We are emotional beings and sometimes this makes us outraged, but I frequently ask myself why now? I agree that Donald Trump’s immigration policy is appalling, and that we should protest, but is this really new? Was this our first opportunity to speak out against separating children and parents? I read some responses on Twitter that mentioned the Rumanian orphanages we all saw on TV after the Rumanian dictator Ceausescu had been executed. I believe the problem is much bigger. I have seen Norwegians as angry as the rest of the world, and one member of Parliament suggested that the government made it clear to the US administration that this is unacceptable, because that’s what friends do. There are major buts in my opinion.
You can google the Child Protective Services (CPS) in almost any country and find cases that look like state kidnapping. The Norwegian CPS is known for separation children and parents when it isn’t needed. They work with the Police, and “arrests” are frequently being made at maternity wards and at home. As most of these children don’t want to leave, these “arrests” turn into very aggressive actions. The last case I know about was a Canadian citizen that was picked up by six police officers and two CPS-employees. They were chasing this child down the street and forced him to the ground. In that case the parents wanted to home-school the boy because the school didn’t deal with bullying and death threats. When babies are taken from birth it’s not because of something that has happened, but because of something that may happen in the future, and the CPS don’t need to prove their case. Many professionals have criticized the CPS for human rights violations and blatant disregard for the law, but as long as the politicians don’t reform the system, nothing will change.
Low income is one risk, which could be why there is a majority of minorities in the CPS-system. That doesn’t make any sense because the authorities spend $ 2.5 billion a year on the CPS, and a big part of the money goes to international institutions. Why not simply help the parents directly? I like what J. K. Rowling is doing with Lumos. She’s been very active on Twitter recently:
The issue is not whether the child's nappy is being changed or whether it is being fed. The trauma occurs when the child is separated from its primary caregiver. There is a wealth of evidence to show what that trauma does to children. https://t.co/P9M9a72eDJ
As I mentioned earlier I’m glad there is a focus on the topic. Many of us that want to reform the CPS system have wanted that for a long time. It makes me angry, sad, and frustrated seeing people joining in on the anti-Trump campaign when they know that what goes on here isn’t any better. There are parents in my country that win in court, but the CPS refuse to return the child because too much time has passed. There is a lot of statistics showing that foster children are doing much worse than the general population, which supports J.K. Rowling’s claims.

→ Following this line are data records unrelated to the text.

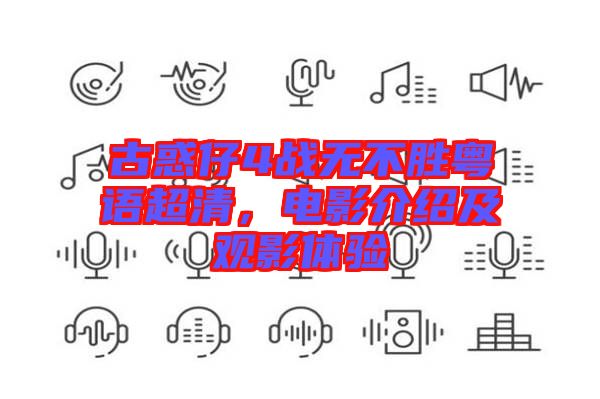 古惑仔4戰(zhàn)無不勝粵語超清，電影介紹及觀影體驗(yàn)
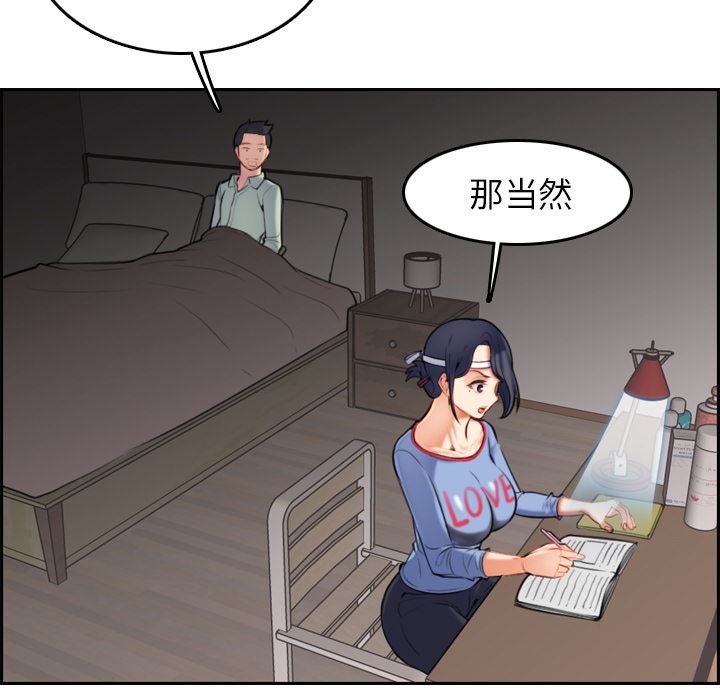 我媽是女大生 第1章 第21页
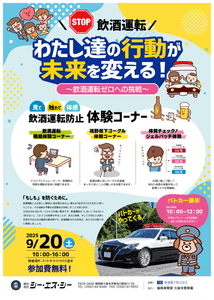 東海電子『飲酒運転ゼロ』へ向けた体験型交通安全イベントに参加！ スーパーオートバックス久留米にて9月20日（土）開催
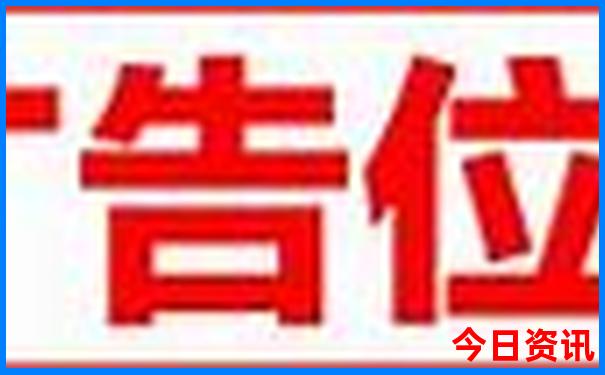 招远酒店排名前十名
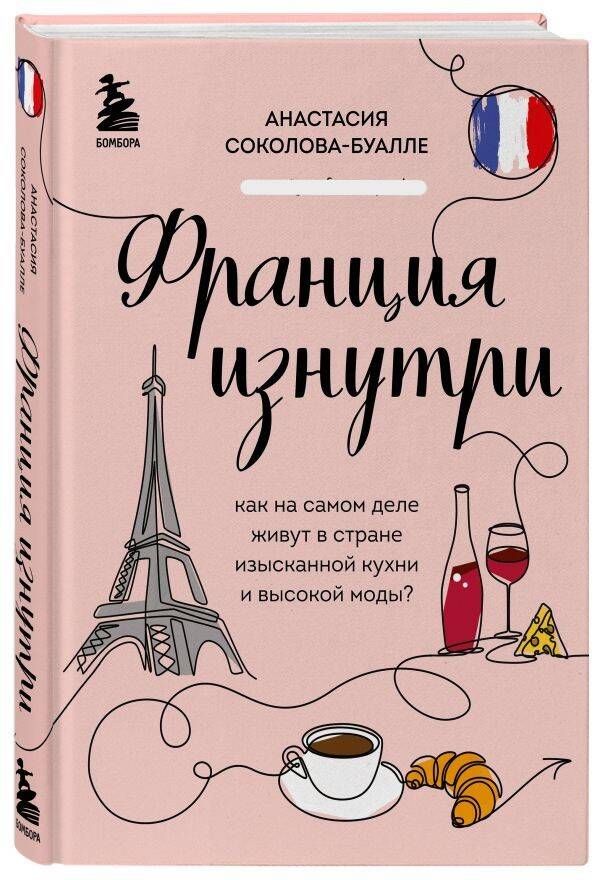 Изысканная кухня книга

Incidentally, I’m not surprised that this is important to Rowling. Family is important in the Harry Potter books, and in the Norwegian society the Weasley family would be at risk. Low income and many children are automatically suspicious (and a lifestyle outside the mainstream), but as the books showed children are better off at home. That’s why we need to focus on this, and not do like most people, assume that our own governments always make good decisions.